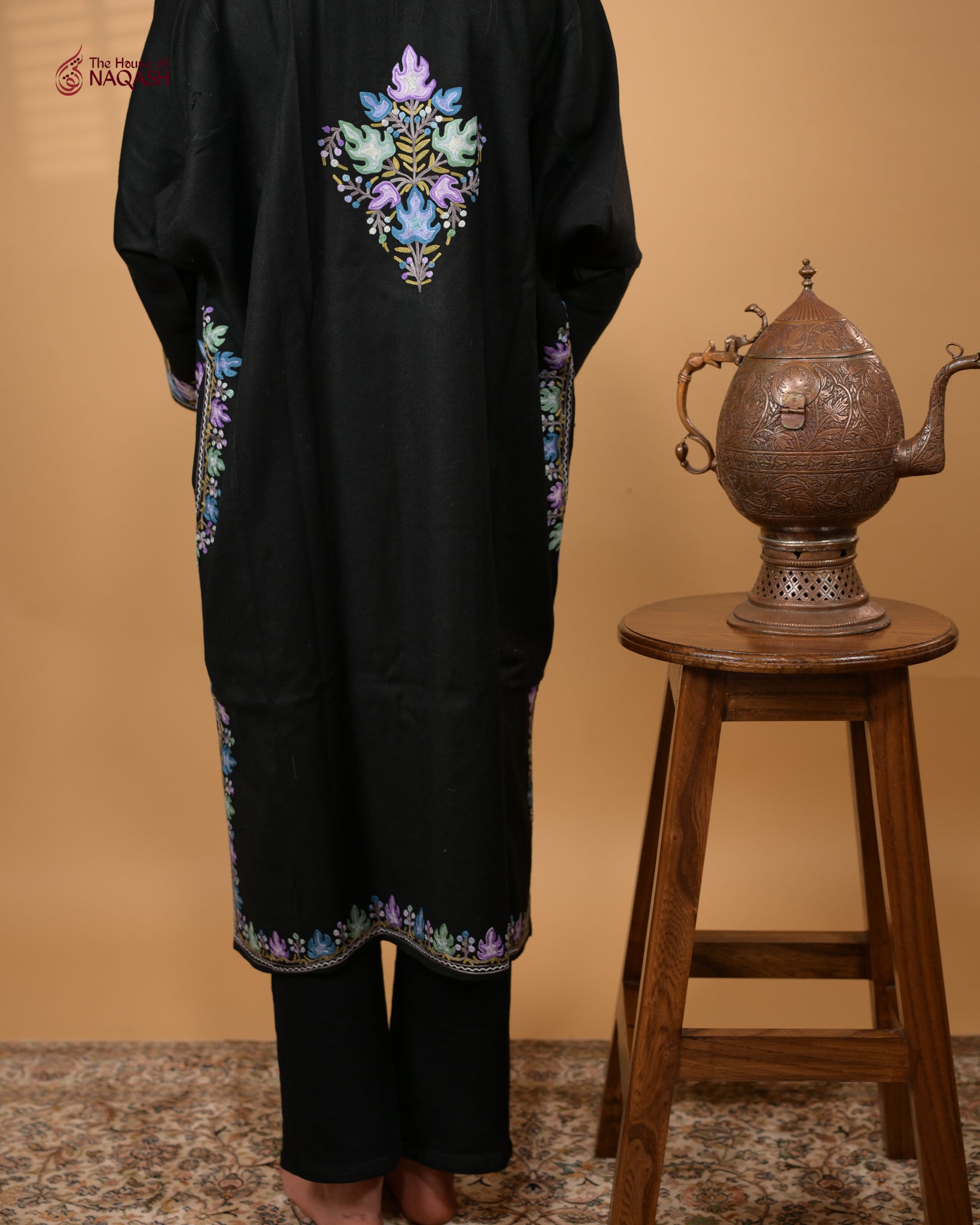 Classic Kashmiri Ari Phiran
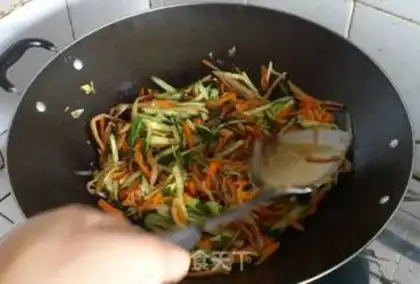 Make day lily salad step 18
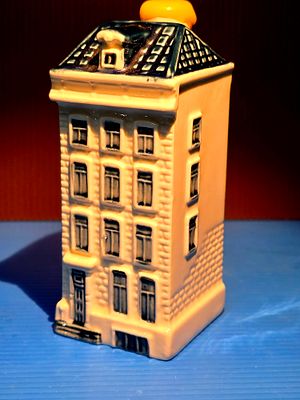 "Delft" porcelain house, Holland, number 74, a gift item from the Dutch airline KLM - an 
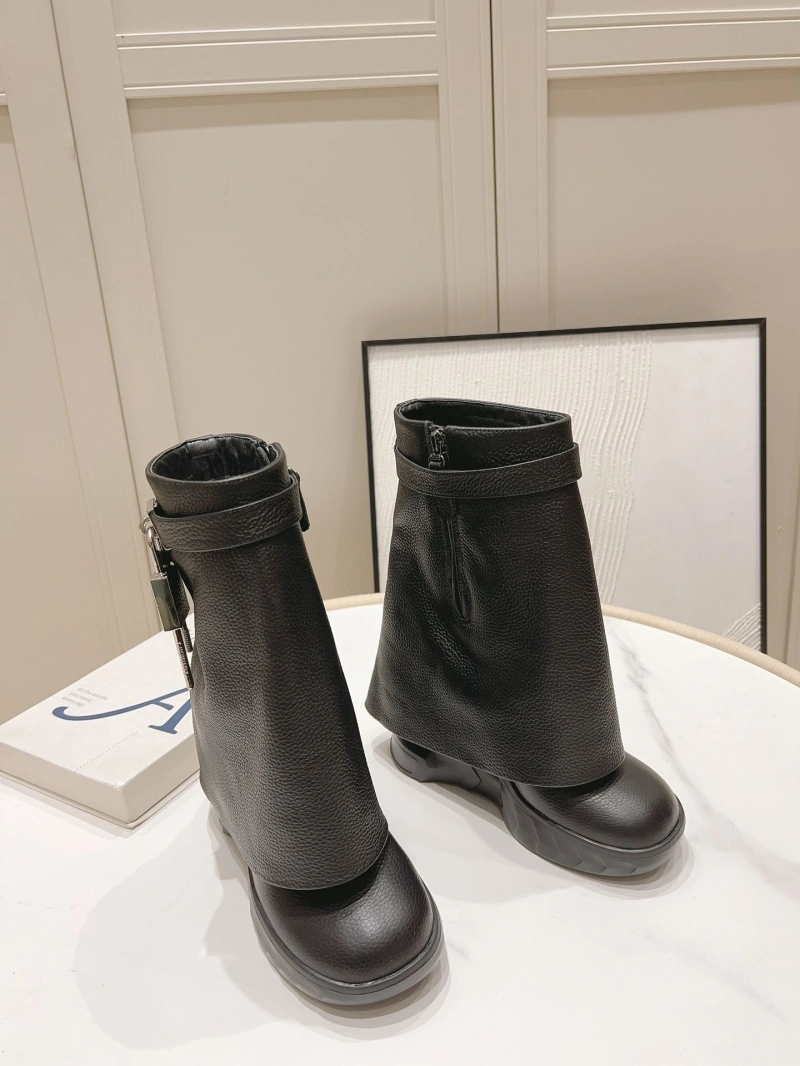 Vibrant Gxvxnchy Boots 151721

TO DO: From the line containing "Make day lily salad step 18" down to the last line of the data above, transcribe exactly those lines and no others; omit the pictures.

ANSWER SECTION:
 Make day lily salad step 18
 "Delft" porcelain house, Holland, number 74, a gift item from the Dutch airline KLM - an 
 Vibrant Gxvxnchy Boots 151721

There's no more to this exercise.